I was actually the well-behaved child in the family who did everything to make his parents proud. But, I bypassed my dad's words because his actions and lifestyle did not reflect his advice.
My father was an alcoholic and a heroin addict. At the time, when I was just a middle school student, I only knew about his alcohol addiction. I barely saw my father. He would come home from work, eat dinner, then head out to a bar with friends. After everyone went to bed, I would stay up, kneeling by the living room window, waiting for my dad to come home. As soon as I saw the car pulling into the driveway, I thanked God for bringing him home safely, ran into my bedroom, and slept.
I loved my father then and I still love him today [He & my mom are currently lay ministers at a church in Puerto Rico]. But, seeing how he would treat us, my mother, and knowing about his late nights of drinking and coming home drunk, I just couldn't take his advice. He gave really good advice on life and genuinely tried to steer me in the right direction. But, again, his words were falling on deaf ears because his actions spoke to me louder than his words ever could.
As a youth leader, this is something to take into serious consideration. You may be handing your students some golden words for them to accept and put into practice. But, if you are not living a life before them that exemplifies that which you preach, speak, share, or write, your words are falling on deaf ears.

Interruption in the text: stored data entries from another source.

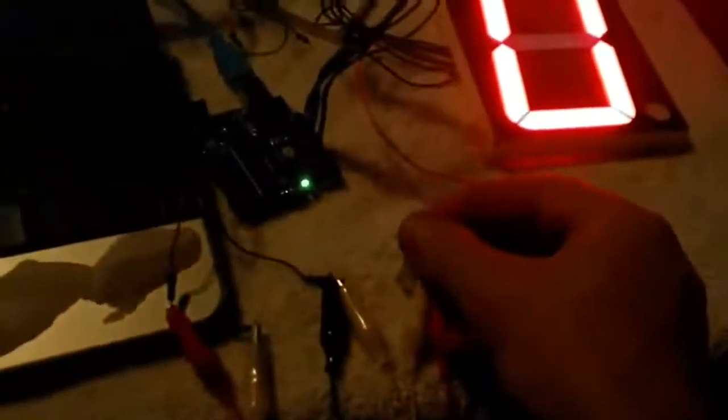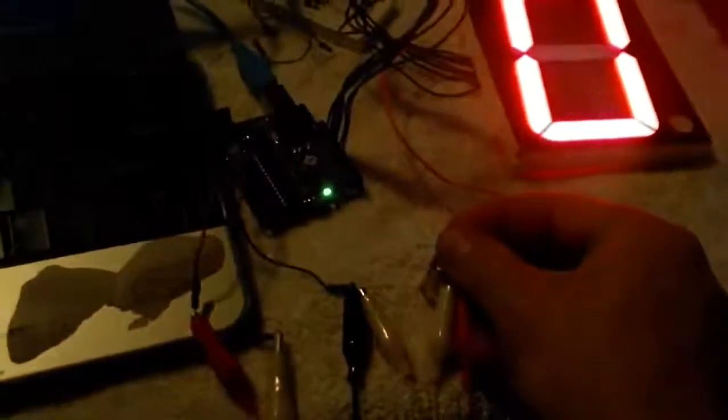I'll show you the serial monitor. As I increase the potentiometer, you can see the serial monitor changing. And over here on the display, it will increment and decrement.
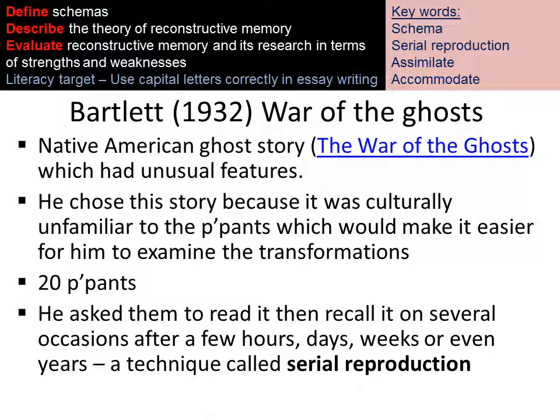Bartlett tested his idea of reconstructive memory and schemas in a study called War of the Ghosts. The War of the Ghosts is a Native American ghost story with very unusual features, and he chose it because it was culturally unfamiliar to the Western participants he was testing, making it easier to examine the transformations. He asked 20 participants to read the story and then used a serial reproduction task in which they recalled the story on several different occasions — some after a couple of hours, days, weeks, or even years.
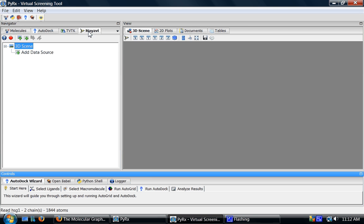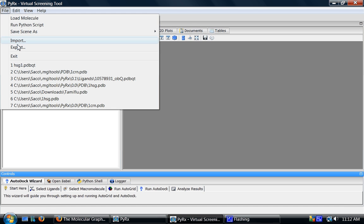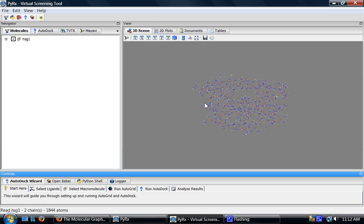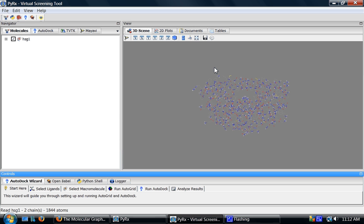I'll then use MayAVI to visualize volumetric data. I'll start by reading a molecule from the previous screencast. Here is that molecule.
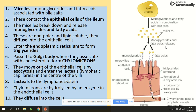The monoglycerides and fatty acids are nonpolar and lipid soluble, so they can easily diffuse through the epithelial cell. Once they diffuse through the epithelial cell, they are going to enter the endoplasmic reticulum. They enter the endoplasmic reticulum to form triglycerides, and from the endoplasmic reticulum they will be passed on to the Golgi body.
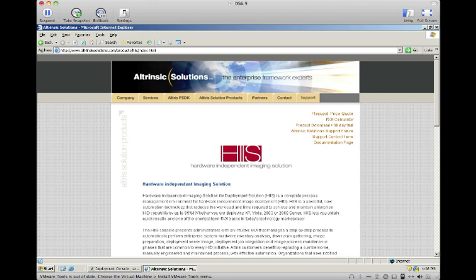Hi, thanks for watching this presentation on Hardware Independent Imaging Solution by Altrinsic Solutions. Hardware Independent Imaging Solution, or HISS, can revolutionize the way your organization approaches your Windows 7 migration, day-to-day XP deployment, or deployment for operating systems such as Windows 2003 or 2008 server.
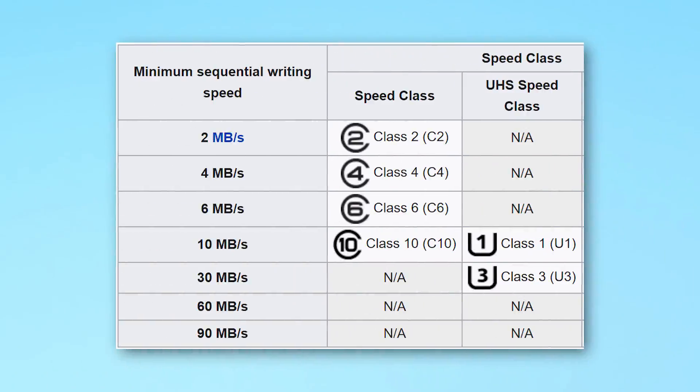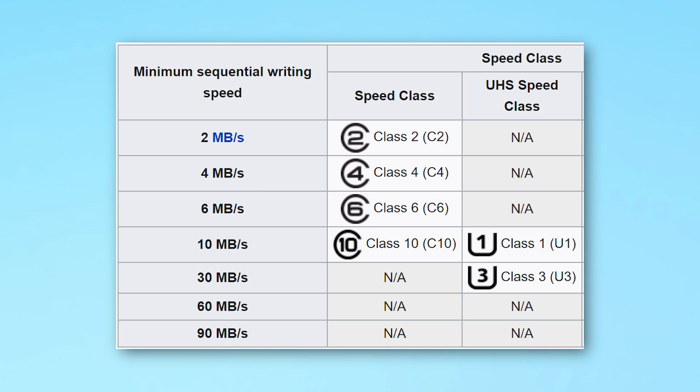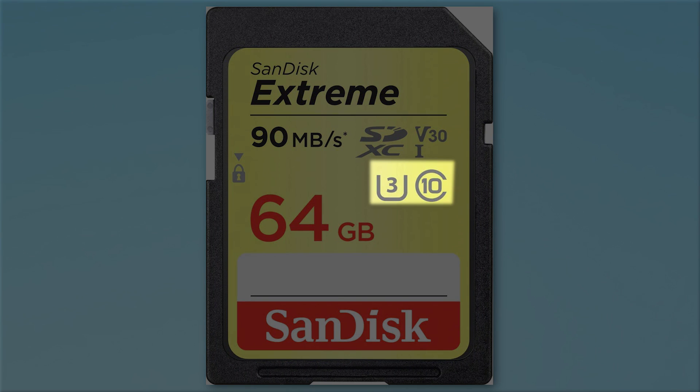The next rating is the U rating — either U1 or U3. Respectively, that means a minimum of 10 megabytes a second or 30 megabytes a second sequential minimum write speed. Things might seem a bit confusing here because we already have class 10 for 10 megabytes a second — why do we also have U1, which is the same thing? It pretty much is the same exact thing. The only difference is the U signifies that it uses the UHS ultra high speed bus. For the most part you don't have to worry about the difference. Also keep in mind there can be multiple ratings, so it may say both U3 and class 10 — the class 10 is just redundant, since U3 already guarantees over 30 megabytes a second minimum.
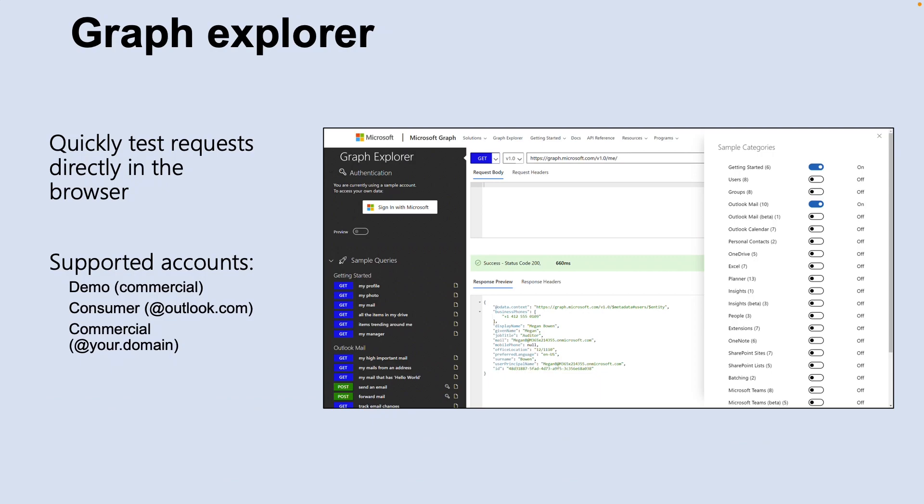You can use the Graph Explorer by going to graph.microsoft.com and quickly test requests directly in the browser. You can use a variety of accounts to connect and use the graph data — a commercial account, a consumer account like Outlook, or if you have your own domain, you can use that email address as well.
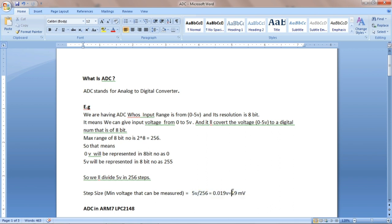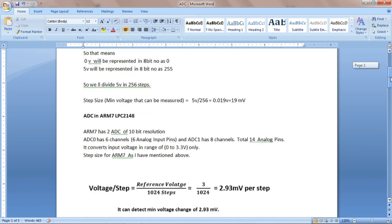That means our 5 volt range is divided into 256 steps, where every step corresponds to 19 millivolt. This is the least count of the ADC — the minimum voltage that we can measure from an ADC having 8-bit resolution and an input voltage range of 0 to 5 volt.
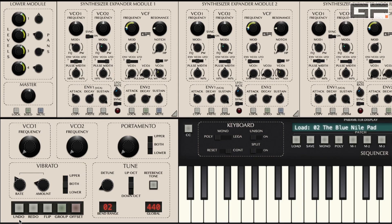Undo and redo are used to undo and redo any edits that you make when altering OBE parameters.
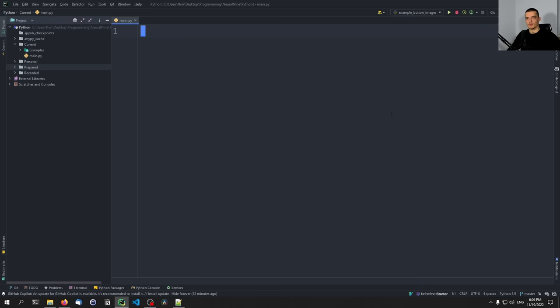We're going to build modern looking graphical user interfaces in this video today. For that, we're going to use an external Python module called CustomTkinter, which is very easy to use if you have already worked with the core Python module tkinter, which is used to build simple basic graphical user interfaces in core Python without relying on external packages. If you want to learn about tkinter first, you can go to my channel and check out the tkinter crash course. But you can also just watch this video — you don't need to understand tkinter first. When you know how to build GUIs with tkinter, it's basically the same process with CustomTkinter, just with slightly different class names and function names.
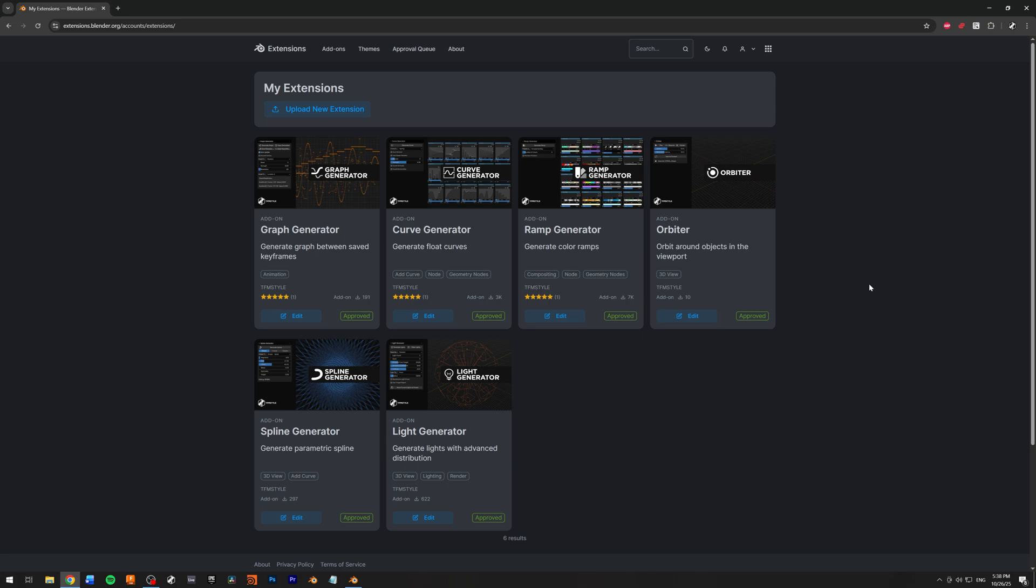Hey, what's up guys? The French Monkey here. Today I wanted to showcase and talk about my newest addition to my library of free Blender add-ons.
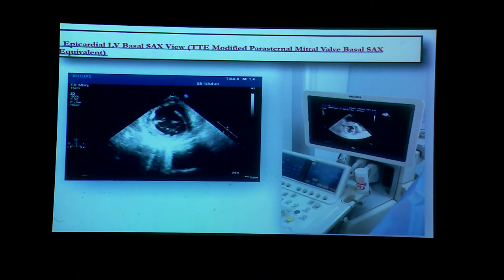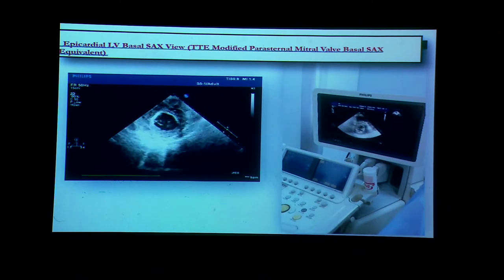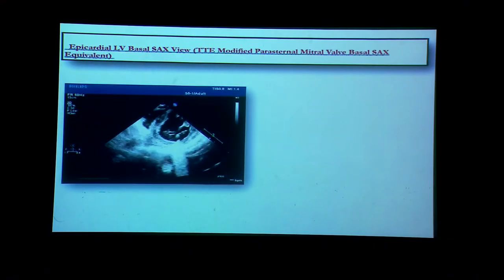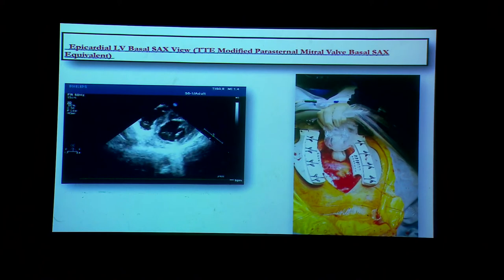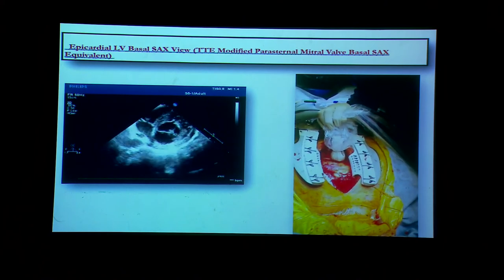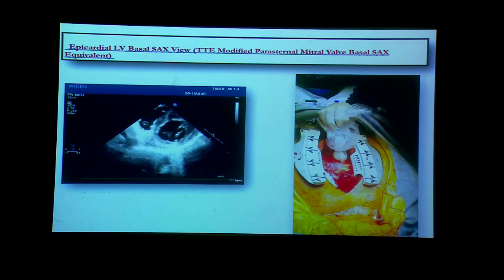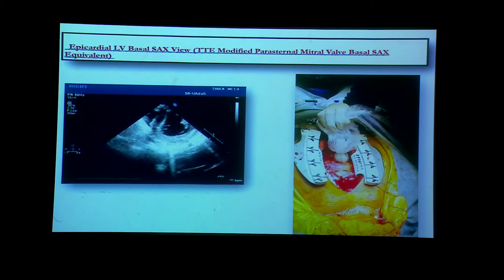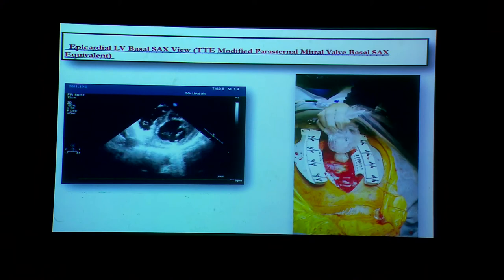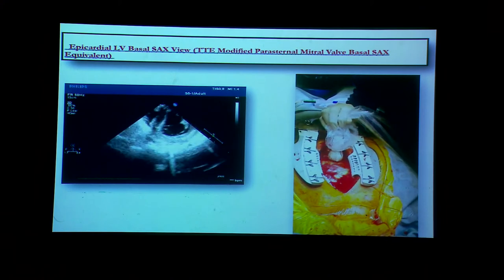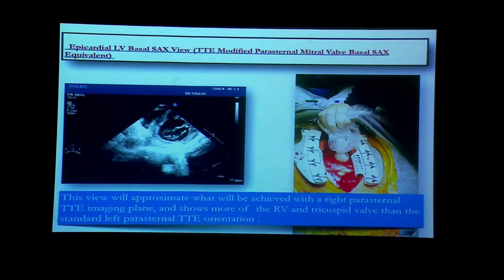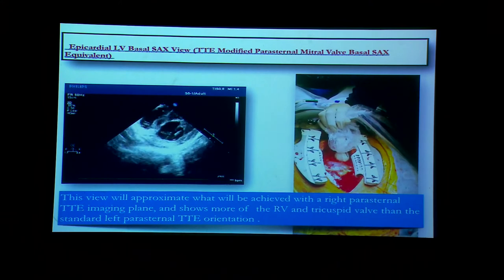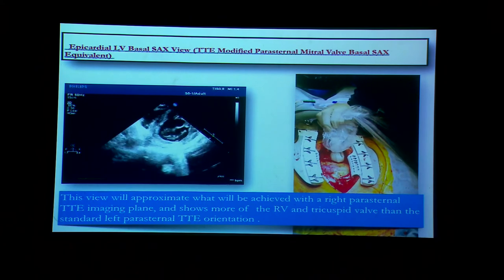This view can be modified. By tilting the probe more towards the right ventricle side instead of the left, we can see a major part of the right ventricle — giving us the right ventricle short axis at the basal level. This view is also very important for evaluating the tricuspid valve, and it has a left parasternal transthoracic orientation — similar to the left parasternal transthoracic view.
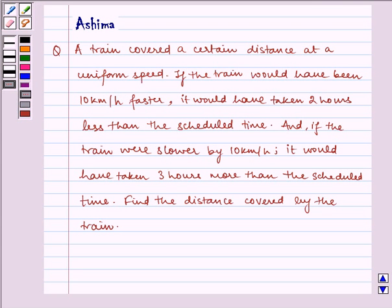Hello and welcome to the session. Let us understand the following questions today.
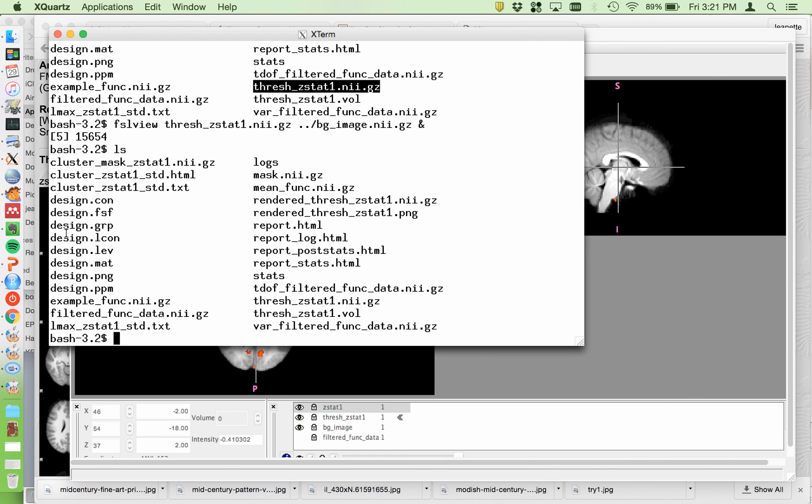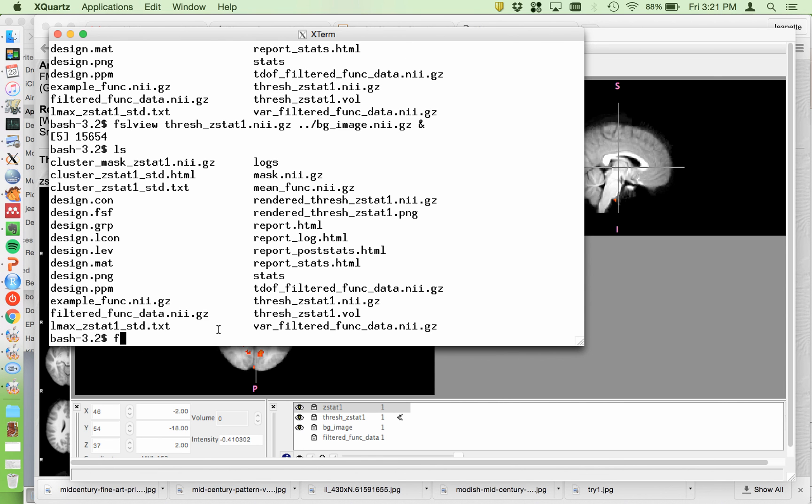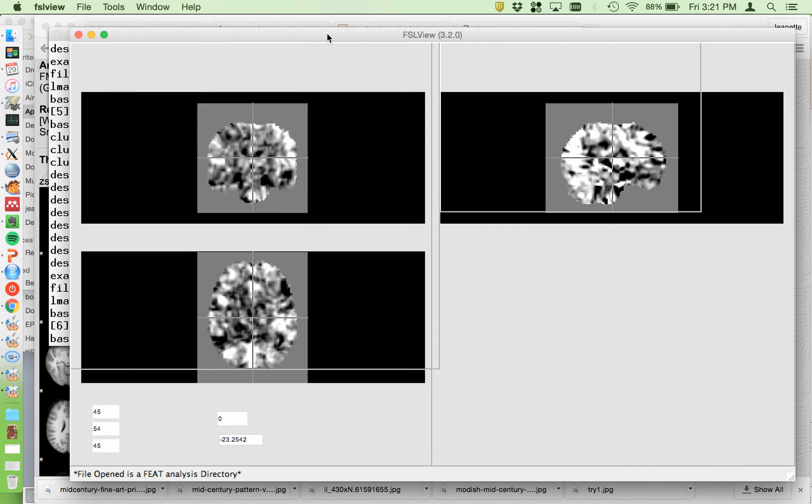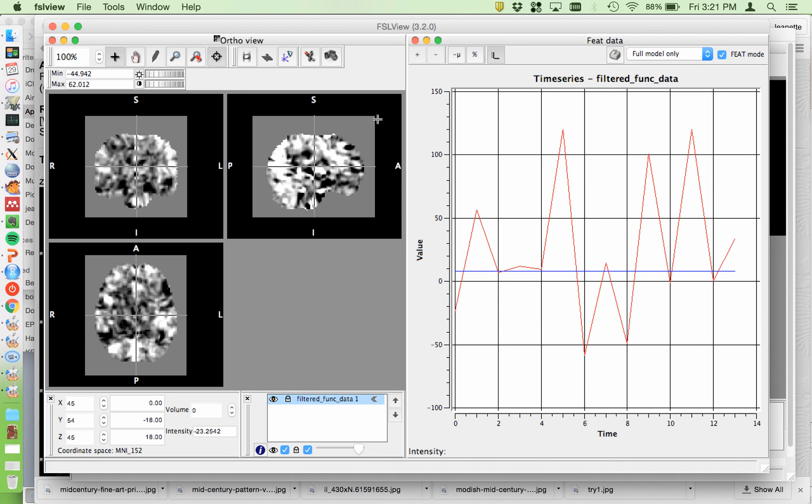Let's see what else is in here. The filtered func data is right here. So this is a good image to review to make sure everybody looks okay.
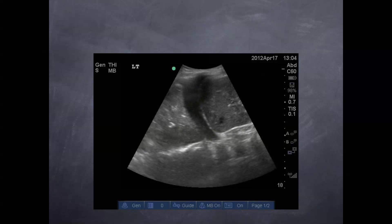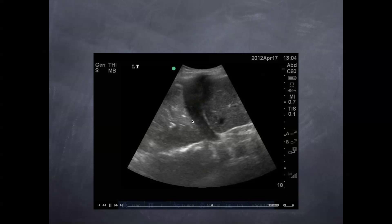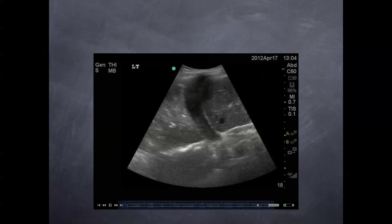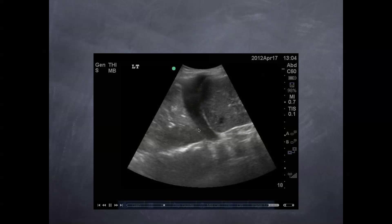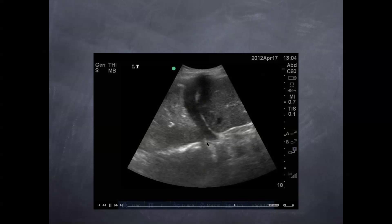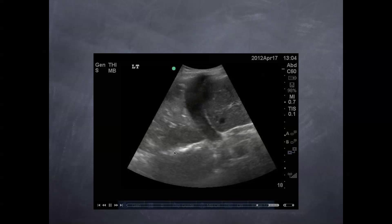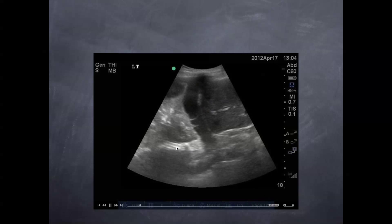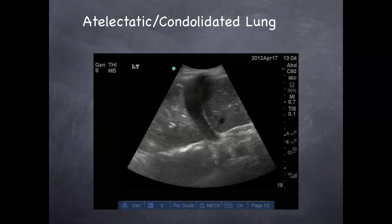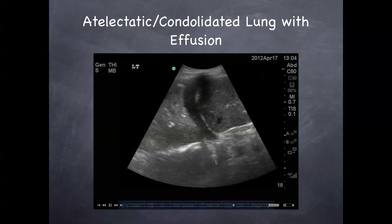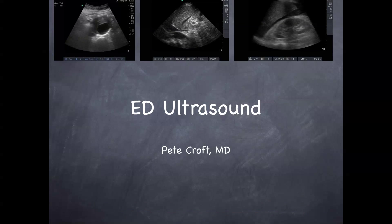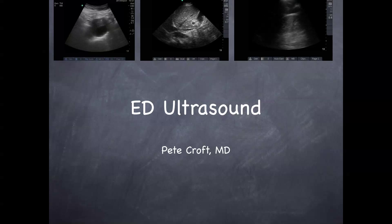And lastly, a nice consolidated atelectatic lung with fibrinous strands and a concomitant effusion. Notice the spine sign here — you know something's going on. Hope that helps with the lung. Next we'll be moving on to the aorta and the IVC. Thanks.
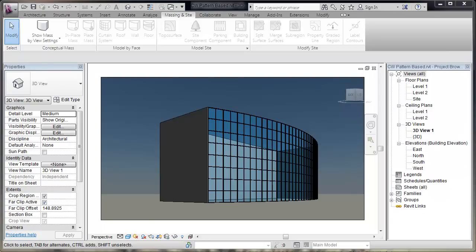Hi. To make a more complex design for a curtain wall, I can use massing and curtain wall pattern-based panels to do so.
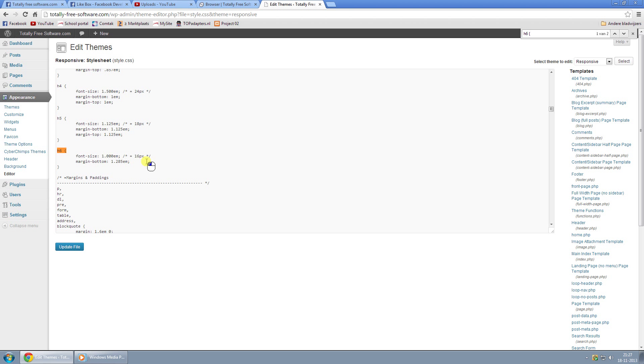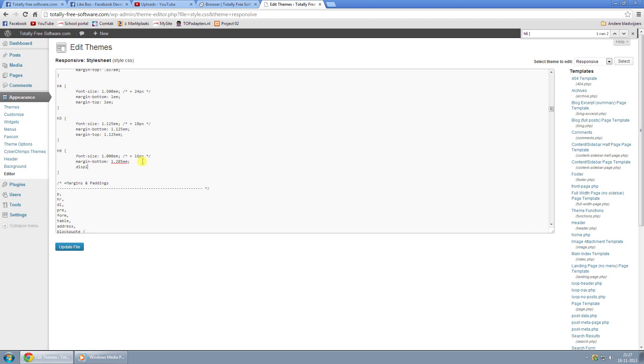This is the line you find right here. Just add in 'display: none;' and click on Update File.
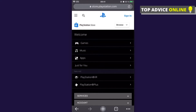Hey guys, in this video I will show you how you can create a PlayStation account on your phone. It really doesn't matter if you're using iPhone, Android, or some sort of tablet — the process will be the same. But unfortunately you cannot create an account on your PlayStation app, so you need to go on your internet browser.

The Bible gives us plenty of examples about the importance of listening to wise counsel. But, our students lead with their eyes more than their ears. In this media-saturated world we currently live in, we must show them Christ by our actions more than with our words!
So, who are you?
Don't get me wrong. I am not saying that you need to be perfect before your students. You are human, after all. But, in those moments when your sinfulness, humanity, brokenness, and imperfections show up, be open about talking it through with your students. We are all sinners saved by grace. Let's continue to point them toward Jesus with our actions and words.